▸ RECORDED DATA:
·····

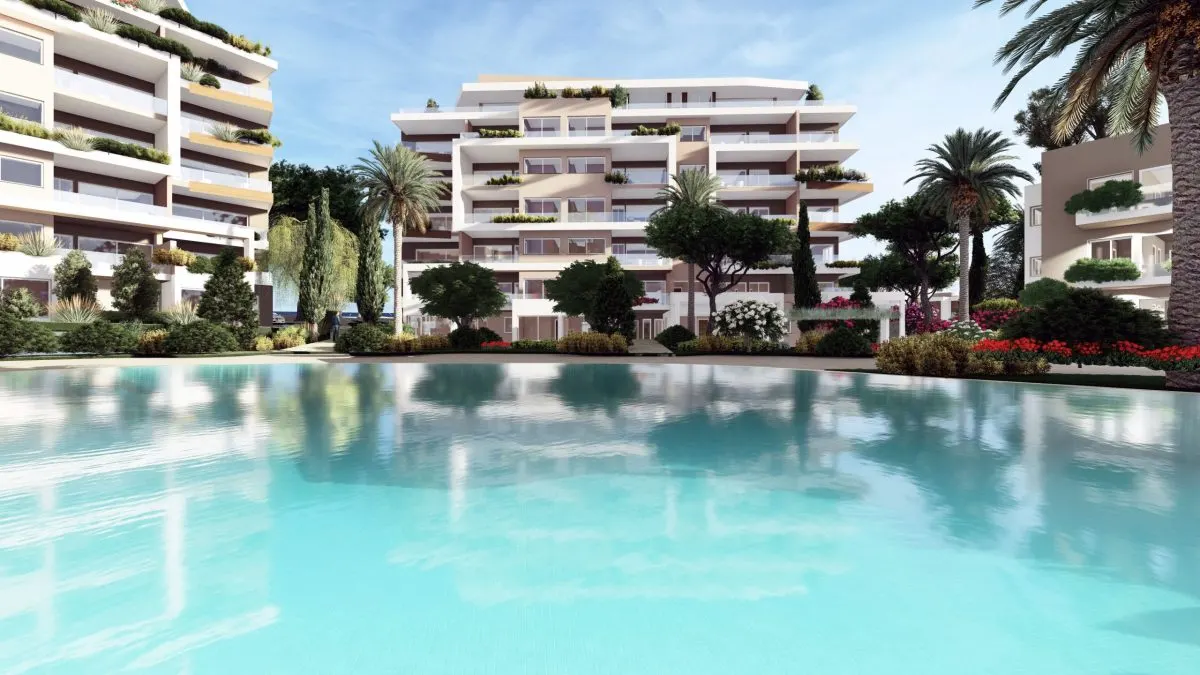 Apartamento en Venta en Paphos - foto 1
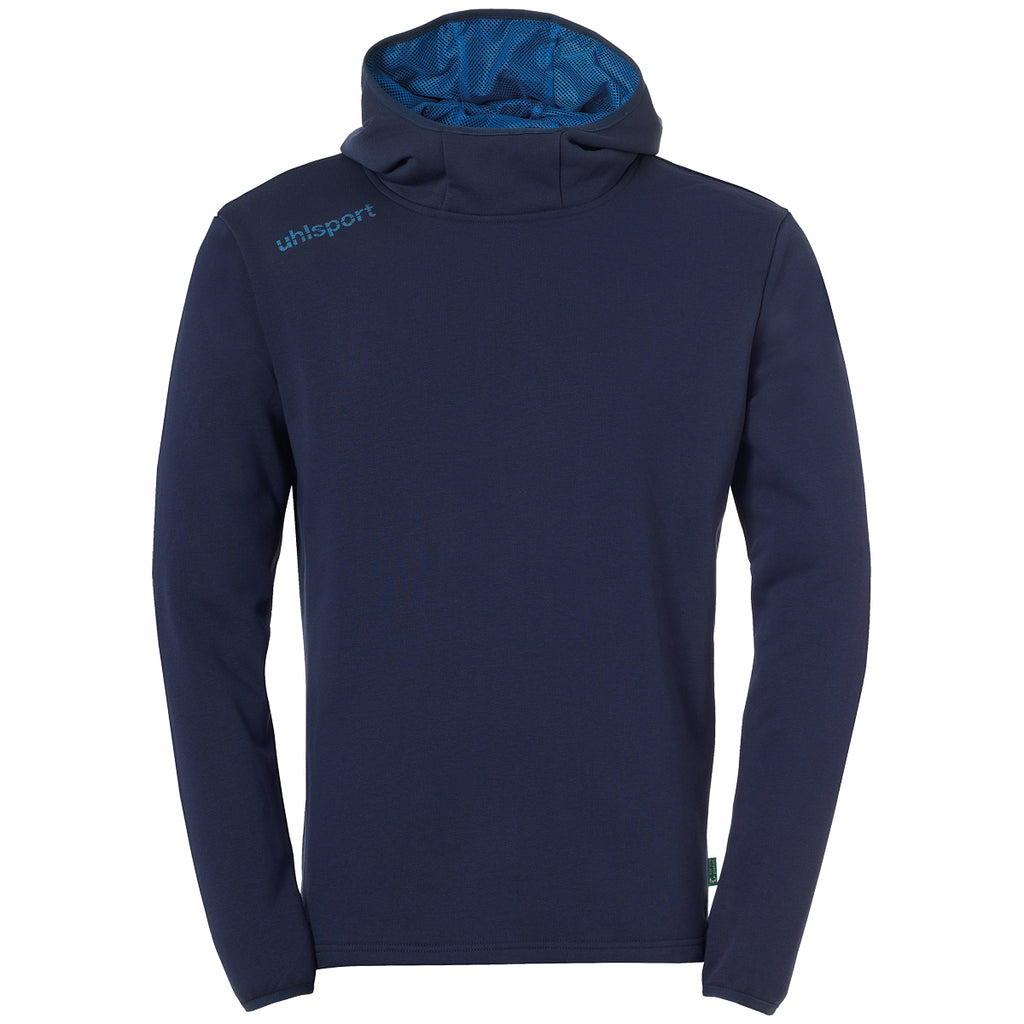 ESSENTIAL HOODIE navy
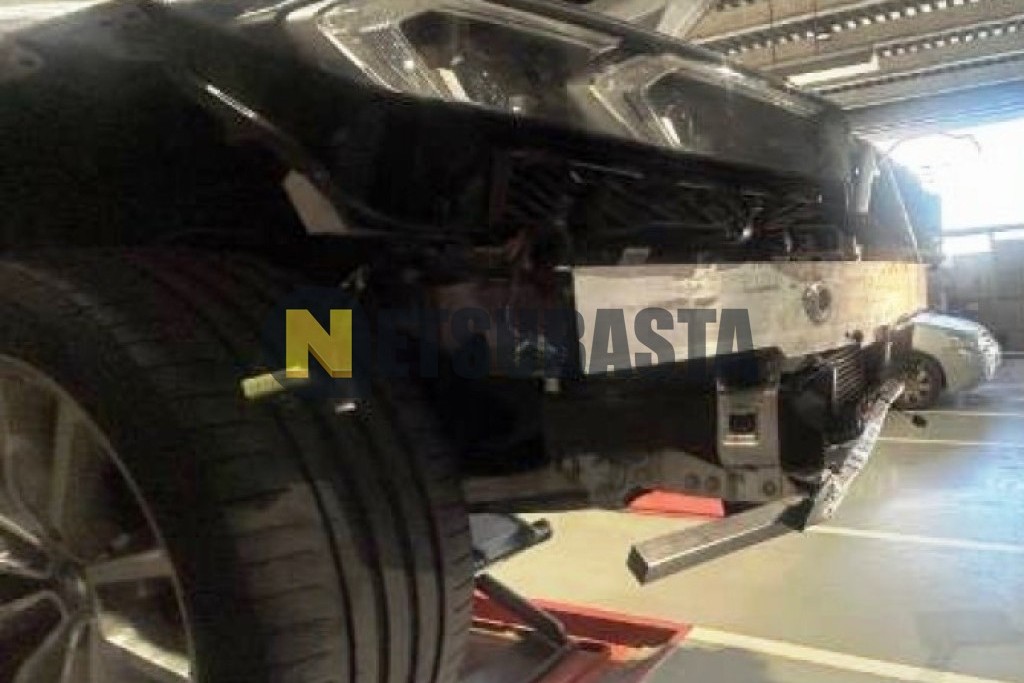 Bmw 318d Touring 2024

·····

▸ TASK DESCRIPTION:
For this exercise, return the material word for word and drop each image.

▸ ANSWER SECTION:
 Apartamento en Venta en Paphos - foto 1
 ESSENTIAL HOODIE navy
 Bmw 318d Touring 2024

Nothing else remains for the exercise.